- [Source data]:
§
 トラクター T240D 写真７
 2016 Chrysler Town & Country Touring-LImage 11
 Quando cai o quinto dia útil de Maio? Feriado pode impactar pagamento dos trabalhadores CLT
§
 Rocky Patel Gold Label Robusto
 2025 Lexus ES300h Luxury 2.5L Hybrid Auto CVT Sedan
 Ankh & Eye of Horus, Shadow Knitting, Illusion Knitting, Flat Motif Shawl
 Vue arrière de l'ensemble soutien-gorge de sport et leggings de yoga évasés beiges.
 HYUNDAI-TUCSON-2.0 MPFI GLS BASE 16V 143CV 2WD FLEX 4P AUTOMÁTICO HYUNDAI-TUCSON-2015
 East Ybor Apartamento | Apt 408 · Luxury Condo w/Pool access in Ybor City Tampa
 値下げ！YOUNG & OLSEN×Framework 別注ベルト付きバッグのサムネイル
§
- [What to do]:
All lines in the data above from the one with "トラクター T240D 写真７" through the one with "Quando cai o" must be repeated exactly, and no others.

- [Reply to the exercise]:
 トラクター T240D 写真７
 2016 Chrysler Town & Country Touring-LImage 11
 Quando cai o quinto dia útil de Maio? Feriado pode impactar pagamento dos trabalhadores CLT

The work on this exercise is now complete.